Второе обстоятельство, связавшее новое время (XVII–XVIII вв.) с античностью, и заключалось в становлении нового образа человека. Сначала, в эпоху барокко, человеку пришлось несколько «подрезать крылья» и поубавить оставшегося от возрожденческих времен своеволия, чтобы он мог войти в рамки более строго регламентировавшейся и подвергавшейся рационализации морально-риторической системы. Затем начался тот стремительный рост человека, в итоге которого он обрел кажущееся теперь само собою разумеющимся — характер, личность, индивидуальность, субъективность и «я», тот внутренний мир, который оказывается самым первым, безусловным и неотъемлемым владением человека. Это процесс погружения образа человека внутрь — как «характера» или как «персоны» («persona» — маска), личности. Ступени такого перехода вовнутрь, происходившего неравномерно и в разных отношениях, известны: движение совершалось в религии (янсенизм, пиетизм и пр.), в мистической и герметически-алхимической традиции, в философии (линия неоплатонизма), поэзии (сентиментализм, «Буря и натиск» в Германии) и т. д. Рубенсом XVIII–XIX вв., несомненно, уже можно датировать первый глубочайший кризис новой, стремительно сложившейся личности, — когда фихтевскому «я», сатирически подхваченному Жан- Полем, когда этому апофеозу субъективности в формах философии вторил поэтический индивидуализм и нигилизм начала века, пропитанный безысходным отчаянием в самом человеческом существовании. Европейскому романтизму осталось после этого лишь придавать более общепринятые, цивилизованные и мягкие формы этому кризису и постепенно переводить его в иное русло.

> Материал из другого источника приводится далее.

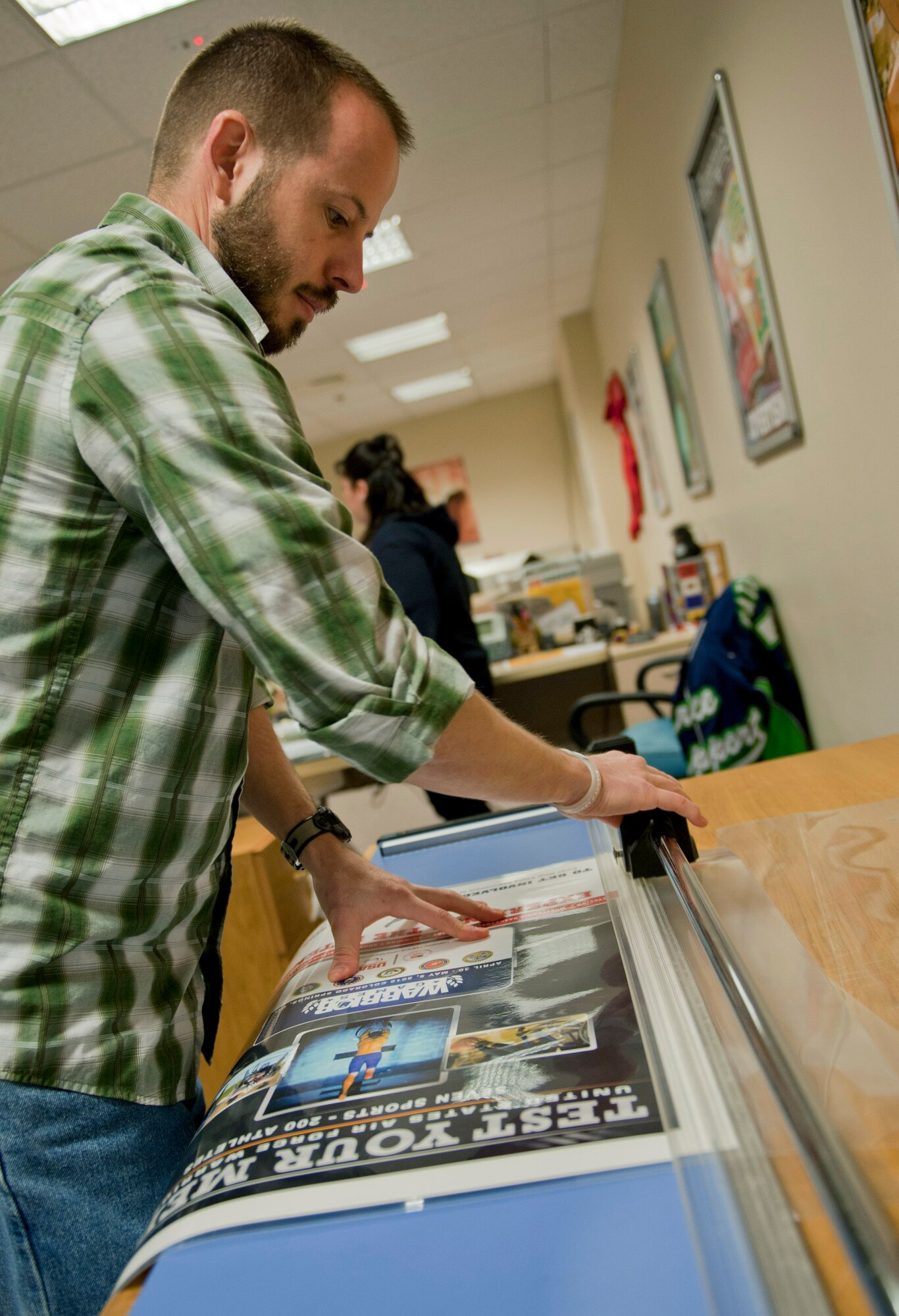 JT McKeen, 39th Force Support Squadron marketing graphic artist, trims the excess laminate off a poster Feb. 29, 2012, at Incirlik Air Base, Turkey. The marketing office creates and prints posters, pamphlets, and other showcase items for the Incirlik community. Marketing also runs the 39th FSS website, blog and Facebook page, sells advertising, and promotes base events. (U.S. Air Force photo by Senior Airman Anthony Sanchelli/Released)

Такая бурно становящаяся и потом впадающая в кризис человеческая личность должна была в своем развитии пройти как бы через точки равновесия, или гармонии, между внешним (уже заданным) и внутренним (которое она завоевывала). Слова «образ человека», заметим, отнюдь не абстрактны: не просто некоторое неопределенное «представление» о человеке имеется в виду, свойственное эпохе, но нечто контрапунктически связанное с развитием изобразительного искусства. В пределах морально-риторической системы XVII–XVIII вв. развитие начинается с плоскостного; снимая довольно точную маску с человека, барочный репрезентативный портрет, традиция которого не вымирала очень долго, рисует образ социального бытия человека, бытия, по сравнению с которым внутренний мир человека так же мало существен, как тело этого человека — по сравнению с сопровождающими портрет длинными титулами и хвалебными стихами.

Великое искусство этого времени, Веласкес или Рембрандт, если ограничиться только именами создающих шедевры художников, высоко поднимается над теми жизненно-практическими началами в искусстве той эпохи, которые вынуждают как бы совершенно заново, ab ovo и на пустом месте, осмыслять человеческий образ, личность и характер, начиная с лица как маски, с портрета как посмертного изображения. Дорастание до античности и ее перерастание в культуре нового времени (происходившие тут процессы шире одного только искусства) начинаются отсюда, с массового художественного «низа», где создаваемые произведения только находятся на пороге искусства, художественности. Высокое искусство в лице самых гениальных творцов предвидит результаты такого развития, — Рембрандт с его небывалыми глубинами человеческого, внутреннего (ничего подобного таким предвидениям не могло быть, например, в музыке XVII в., гораздо сильнее связанной с общелогической стороной развития языка). Рембрандт был способен видеть красоту во внешне уродливом, безобразном, искаженном, был способен приводить некрасивое к красоте и делать его выражением внутренней красоты. Эта проблема его искусства заготовлена им на будущее для искусства — на будущее отдаленное.